Others also gave the order mixed reviews. CompTel, the Competitive Telecommunications Association, said it was pleased with the FCC’s decision to preserve switching discounts but concerned about the decision on DSL.
“CompTel remains wholeheartedly disappointed about the broadband portion of this order,” CompTel president H. Russell Frisby Jr. said in a statement. “The unjustified discontinuation of line-sharing and premature deregulation of broadband access to customers nationwide will only serve to strengthen the Bells’ monopolistic grasp.”
The FCC order gives Internet service providers three years to phase out their use of discounted line sharing from the regional Bells.
Sprint and other Bell competitors also voiced concerns about the broadband portion of the ruling, while endorsing the FCC’s switching action. “While today’s lengthy, complex order will require time to review fully, it appears that the FCC has recognized the current reality that competitive local phone companies can’t fairly compete without continued use of (shared networks),” said Tom Gerke, Sprint’s executive vice president and general counsel said in a statement. “The bottom line for consumers will be good: more competition, more choice, and more of the kind of bundled products and services that consumers clearly want.”
Verizon Communications Inc., one of the four regional Bells, said it needed some time to digest the massive order. “It took the FCC two years to decide and write the order; we need time to read and understand it,” Tom Tauke, Verizon’s senior vice president for public policy and external affairs, said in a statement. “The world is changing so fast it may already be outdated. Every day it becomes more and more apparent there’s a whole new world of communications around us that connects people in ways that weren’t even imagined just a few years ago.”
Critics of the FCC said the six-month delay between the FCC vote and the final order has postponed investment in telecommunications companies and services. FCC staffers said the delay was unavoidable given the complexity of the new rules and the two previous court rejections of FCC attempts to create the rules. The order also dealt with two major issues, broadband line sharing and phone network sharing, an FCC staffer said.
“We have seven years of issues that built up,” said an FCC staffer. “So yes, a significant amount of time has passed since the order was originally adopted, but it was extremely important for the commission to make sure that it was adopting fair rules and setting forth these rules in a way that was as unambiguous as possible. This was a hard task to get done in any period of time, much less six months.”

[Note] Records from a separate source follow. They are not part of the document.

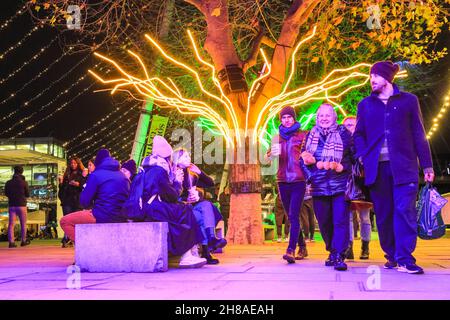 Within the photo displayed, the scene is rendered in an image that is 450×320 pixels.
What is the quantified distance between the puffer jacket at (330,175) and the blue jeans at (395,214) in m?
0.40

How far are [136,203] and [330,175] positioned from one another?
7.61 ft

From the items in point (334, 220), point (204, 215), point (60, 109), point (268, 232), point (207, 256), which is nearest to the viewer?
point (334, 220)

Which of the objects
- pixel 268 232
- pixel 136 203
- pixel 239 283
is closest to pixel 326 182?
pixel 239 283

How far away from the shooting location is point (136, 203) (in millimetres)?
6363

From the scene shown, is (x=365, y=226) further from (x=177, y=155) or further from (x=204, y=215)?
(x=177, y=155)

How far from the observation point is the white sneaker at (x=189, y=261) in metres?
6.55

FCC Commissioner Kevin Martin, who broke with fellow Republican Powell in approving the new rules, praised the final order for providing clarity to the telecommunications industry. But he also laid out several new directions the FCC should take in his written comments on the order.
“I will not be surprised if there are aspects with which you agree, but you do so silently, and points with which you disagree, and you do so loudly,” Martin wrote. “But in the end, if the commission is to move forward, we must engage more directly and specifically. I therefore welcome your reaction, criticism, and suggestions. Your move.”